Stereotypes and Leaders.

The other day I was reading about a successful startup company’s journey and the CEO recalled that when he and his partners pitched for funds with VCs, the stock response they heard repeatedly was “How can you guys run a company , you are a bunch of introverts.” That brings two rather diverse thoughts to my mind, one, how do we decide in such a short meeting that a person is introvert, a weak leader, etc. etc., and two, do only extroverts succeed as leaders?

First about the Prejudiced eye:
Various societies have such strong pre-conceived notions linking age, looks, gender with expected behavior. This strict compartmentalization of traits is almost pathological if we think of management and leadership. If you wear spectacles you are viewed as academically good but athletically weak which quickly gets translated to introvert and extrovert. Men in general and men with mustaches in particular are seen as tougher than women. If you wear a dark color like red or black you are seen as aggressive otherwise you are seen as less assertive. These prejudices are almost universally prevalent, however in addition to this there are more prejudices to be seen which are country specific or society specific. In India for example if you tell only your first name, the other person will insist on hearing your surname more often than not. As soon as you tell your surname the other person starts connecting the dots of your region, caste, religion and creates a profile of your expected behaviors. Tamils and Bengalis are seen as intelligent but argumentative, Punjabis are seen as aggressive and the list goes on and on. Even though it is very clear that such compartmentalization is absolutely inaccurate and unnecessary, yet it continues to live on. Many careers are nipped in the bud because of such prejudices; many times decisions in interviews are taken even before the person has spoken a single word. I have personally faced and been at the receiving end of such discrimination. I have seen people judge me not on the basis of the results I generated or the behaviors I exhibited but by the first impressions I created on them which was based mainly on my regional identity and my overall look.

To an extent it is inevitable that we program our minds to connect certain behaviors with certain races or types of people.
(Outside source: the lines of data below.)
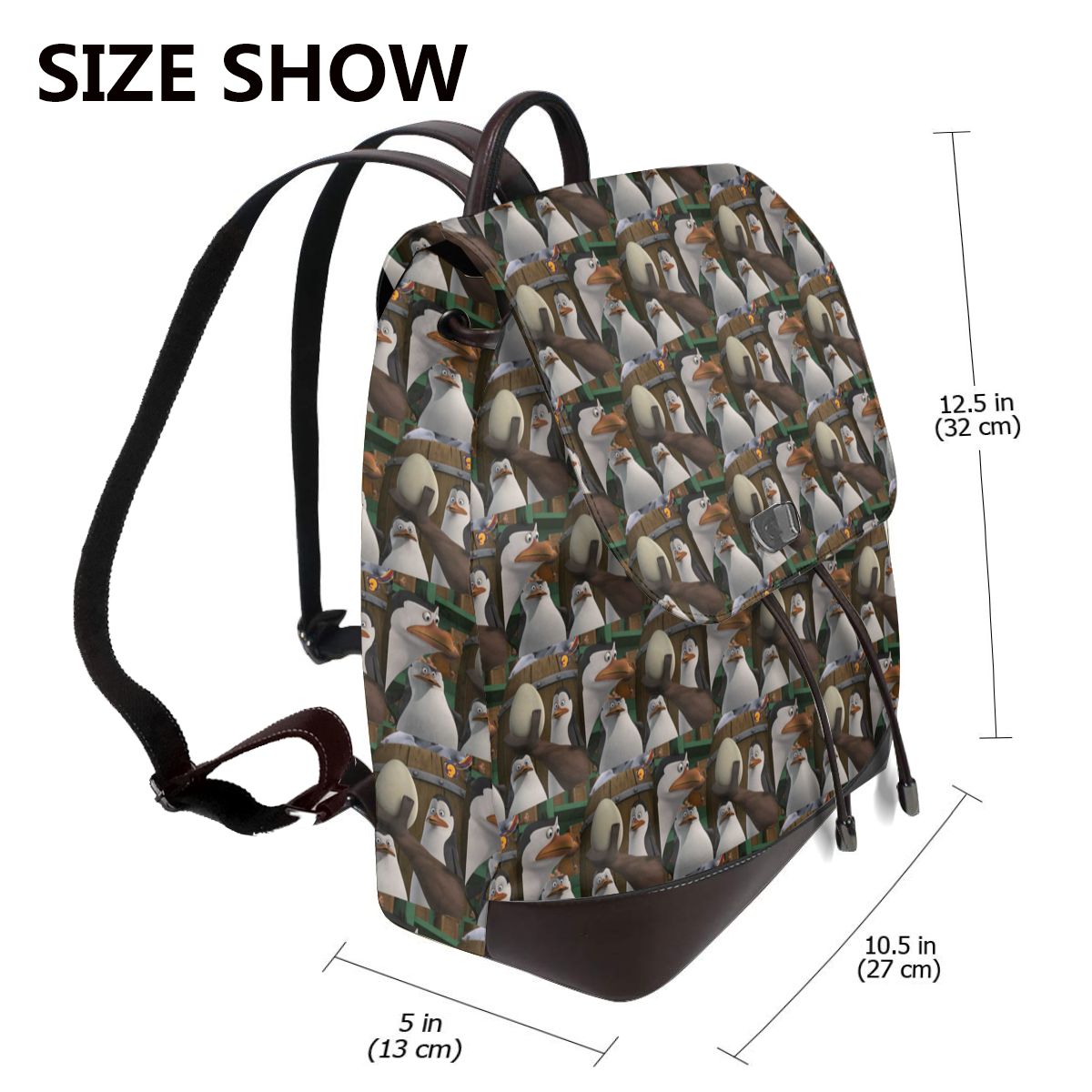 Sac à dos Pose Penguins Of Mad - Women Fashion Pose avis et prix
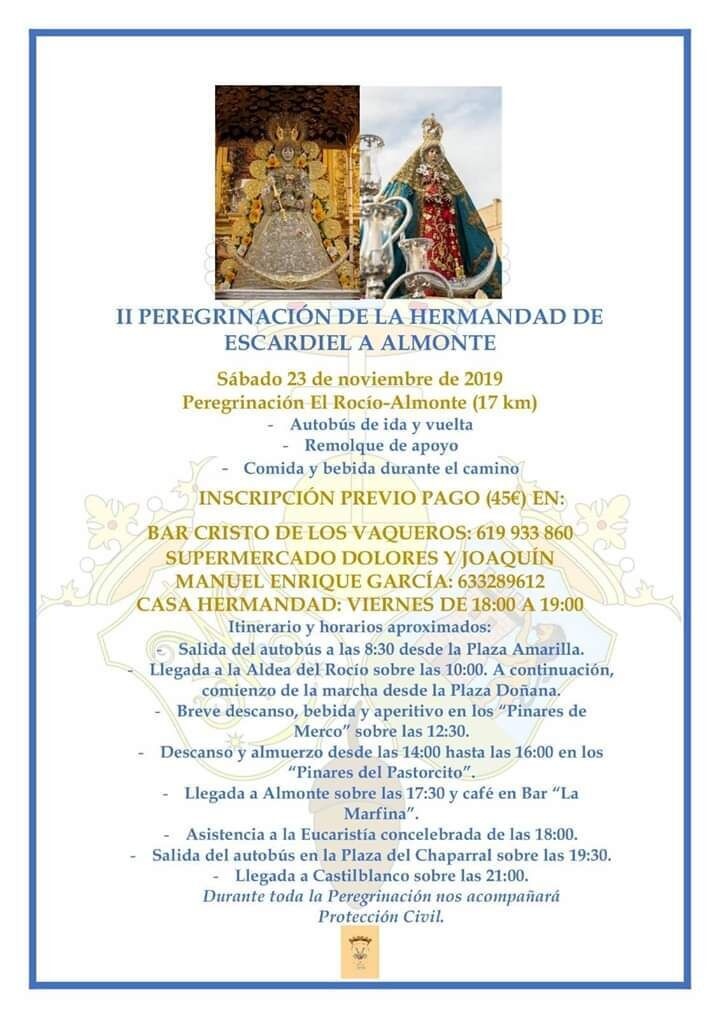 Peregrinacion Escardiel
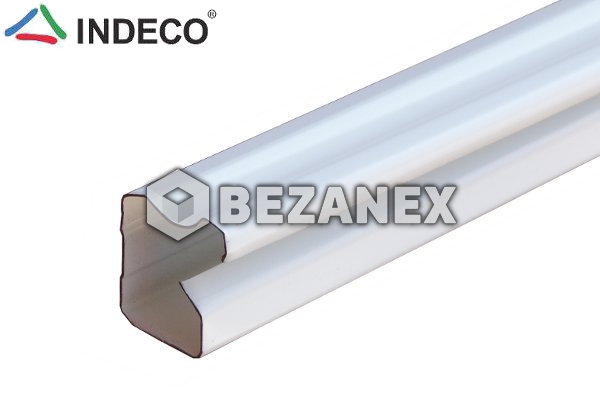 INDECO OC zvislý profil OC biela 4mm/2,75m , ks           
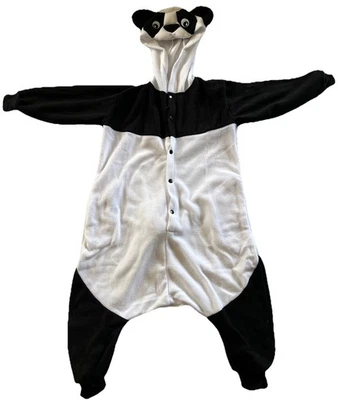 Mono Panda Disfraz Adjunto Sudaderas con Capucha para Niños Pequeño 4-6 Foto 1 de 4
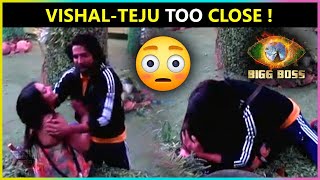 Omg VishalTejasswi Get Too Close  Bigg Boss 15 Promo [upl. by Shepherd]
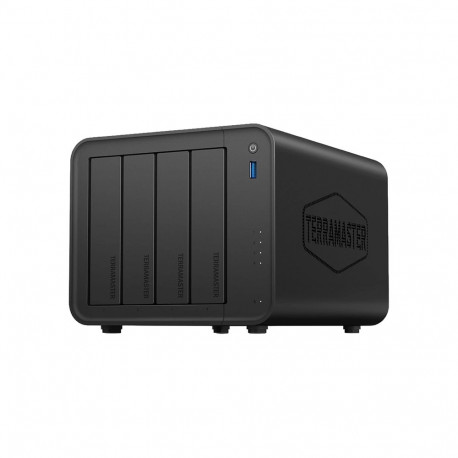 Network Attached Storage - TerraMaster F4-425 NAS, Intel N5095, 16GB RAM, 4 Bays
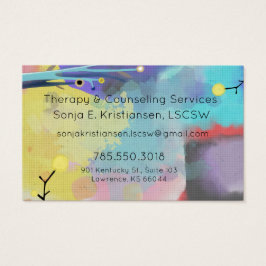 Meios Mistos Pintados Abstratos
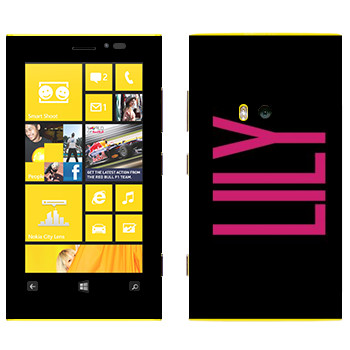   «Lily»   Nokia Lumia 920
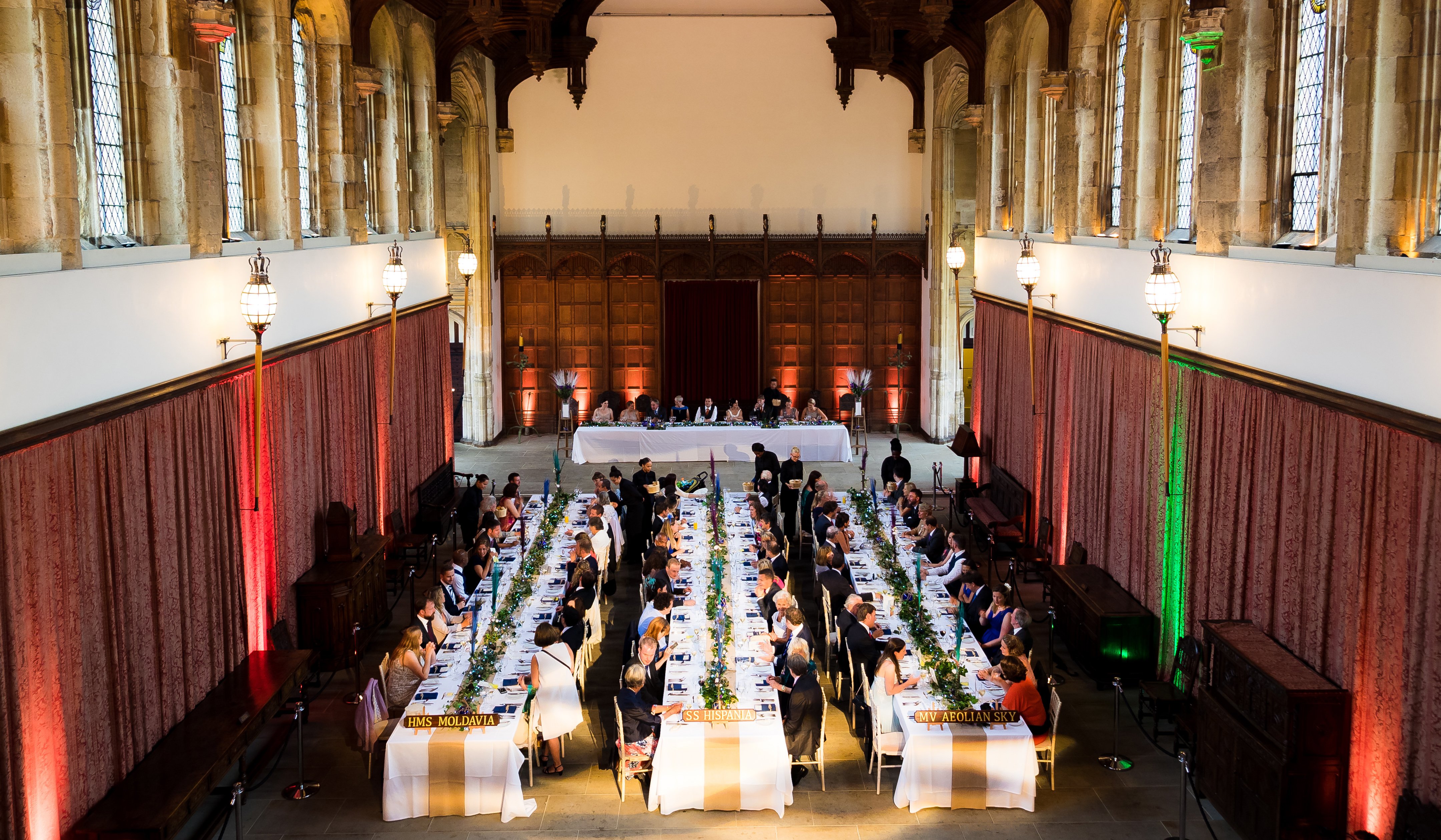 Catering from an Accredited List.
This is definitely a hurdle to better Management and leadership and we must watch out against it.

Many Western countries have enacted elaborate and strict laws to discourage any discrimination on the basis of region, religion, sex and even age. This, even though not working completely, is helping them create a more equitable and competency based work environment.

That brings me to the second thought — do only aggressive managers succeed? Well, research does support the hypothesis that outgoing people, extroverts, make better managers. However this was more relevant when Management essentially meant getting maximum productivity from an underpaid, ill educated workforce working mechanically, and the output being directly proportional to the physical effort done. Things have changed. Recent research has shown that when the workers are well-informed and proactive it is the soft spoken, high on listening manager who gets better results. The same study also concludes that the dominating , aggressive leader feels threatened when the people he leads are pro-active.

If we look into the past, we can see that leaders as diverse as Gandhi and Steve Jobs , both have succeeded in their own ways. There are hundreds of examples of mild, soft spoken leaders doing very well as well as failing and the same is true with aggressive dominating leaders. No strict rules can really be laid therefore.

The traits of being able to create a compelling vision and making people want to exert to move towards that vision is what makes a great leader. The need is to look at behaviors, traits and not allow the vision to be clouded by race, color, gender, etc.